À elles seules, les politiques visant à la transition énergétique ne suffiront pas à donner leur place aux femmes. Il faut donc des réformes structurelles fortes, par exemple dans la promotion des femmes dans les sciences, la technologue, l’ingénierie et les mathématiques.
Ce qui suppose « des investissements et un leadership solide » de la part des pays africains, reconnaissent les auteurs du rapport. La crise sanitaire a montré l’urgence d’une requalification des compétences ; l’opportunité et la prise de conscience sont donc au rendez-vous.
Dans les secteurs dominés par des hommes, la constitution de réseaux de femmes peut aider à l’amélioration des choses, en encourageant les modèles féminins.
Bien sûr, les démarches en faveur de l’économie formelle vont dans le bon sens, notamment dans l’agriculture, la sylviculture, le traitement des déchets, et, dans une moindre mesure, le tourisme. Il faut donc soutenir les coopératives, investir dans la recherche et l’innovation, décider de mesures incitatives en faveur de la formalisation, développer des produits financiers spécifiques, etc.
L’État doit montrer l’exemple
Bref, il est crucial de s’attaquer aux normes sociales et d’améliorer l’environnement propice à la participation des femmes à l’économie verte. Au-delà des changements de mentalité, il est nécessaire d’éliminer des obstacles juridiques afin de garantir des droits égaux aux femmes devant la propriété, les successions, le droit du travail (lutte contre le harcèlement), les libertés individuelles et financières, etc.
Dans tous ces domaines, l’exemplarité, la communication sociale, sont de précieux leviers. La participation des garçons, des hommes, y compris des chefs traditionnels, à ce processus doit être encouragé.
Parmi les mesures incitatives, figurent les initiatives de passation des marchés publics verts et durables. En « écologisant » leurs processus d’approvisionnement, les gouvernements peuvent contribuer de manière substantielle à un environnement plus propre et plus vert.
Le rapport cite des exemples au Kenya, au Sénégal, en Afrique du Sud, où l’accès préférentiel accordé aux femmes, dans certains marchés publics, a porté ses fruits. Les instruments incitatifs doivent être généralisés, tandis que les subventions aux énergies fossiles doivent être abandonnées.

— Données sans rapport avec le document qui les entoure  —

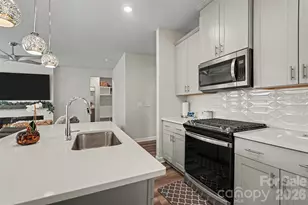 3514 Peach Cobbler St, Monroe, NC 28110 - Photo 6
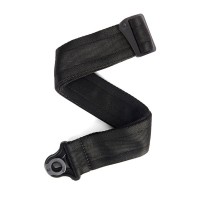 Photo PLANET WAVES 50BAL00 STRAP AUTO LOCK NYLON
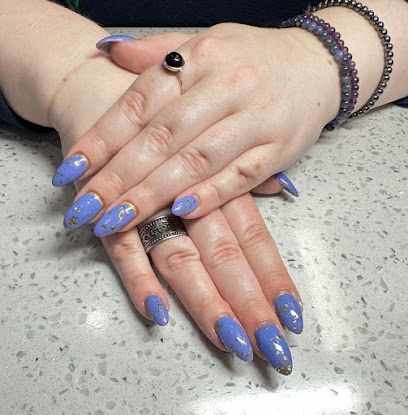 Friendly Nail And Spa - Nail Salon in Saskatoon, Saskatchewan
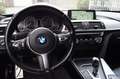 BMW 430 4-serie Gran Coupé 430i High Executive M Sport Aut Grigio - thumbnail 9
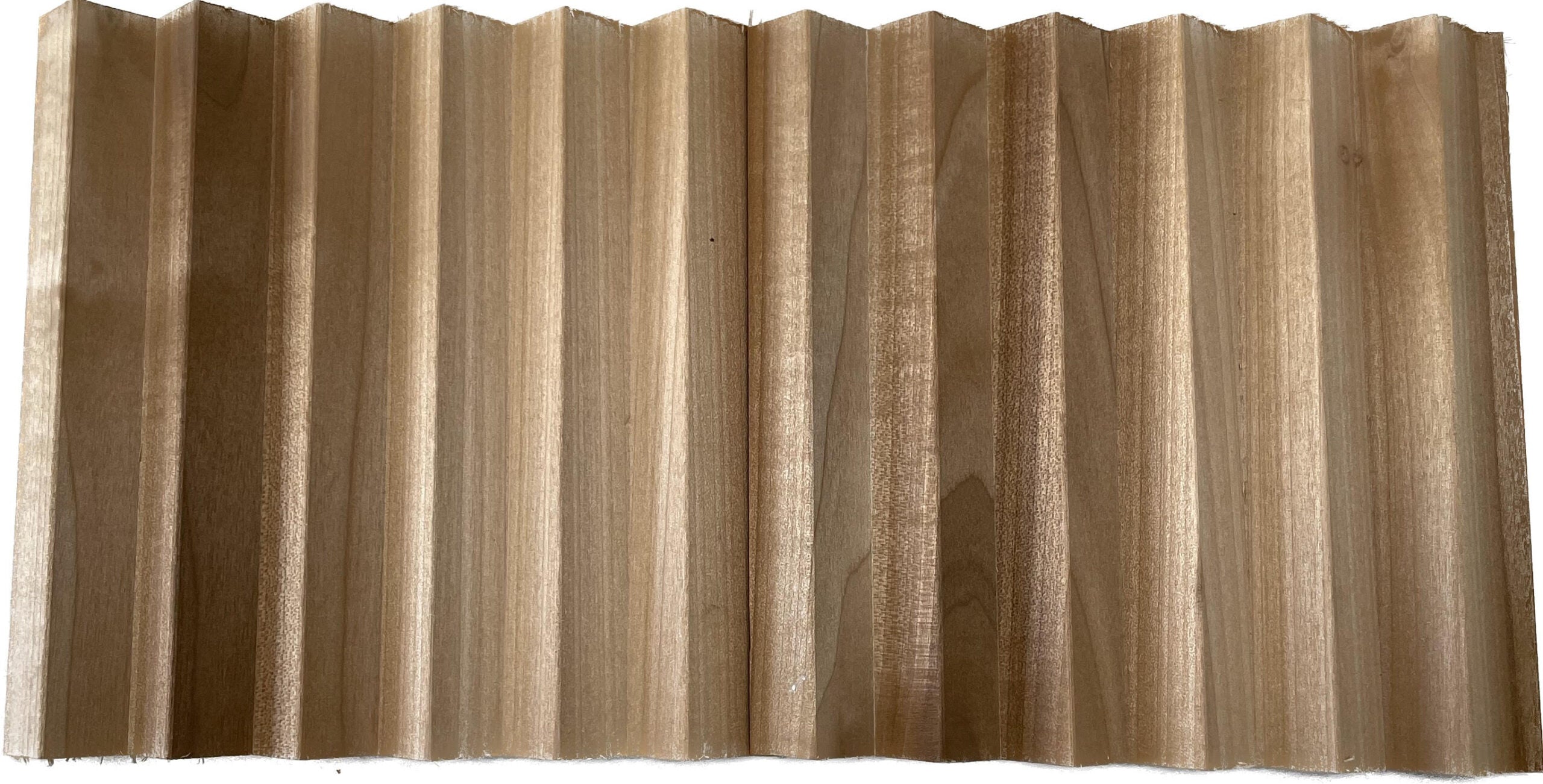 Triada Wall Paneling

Les projets de financement climatique vert, par exemple, peuvent stipuler des objectifs pour l’emploi des femmes. Quant aux crédits carbones, ils ont leur utilité dans les secteurs où les femmes travaillent déjà en nombre, comme la plantation d’arbres, la gestion des déchets, etc.
Enfin, l’investissement nécessaire dans les services de santé aura un effet induit bénéfique : réduire le temps passé des femmes dans les « soins non rémunérés » auprès de leurs enfants, notamment. Charge aux États, désormais, à mieux exprimer leurs besoins et leurs propositions, conclut le rapport.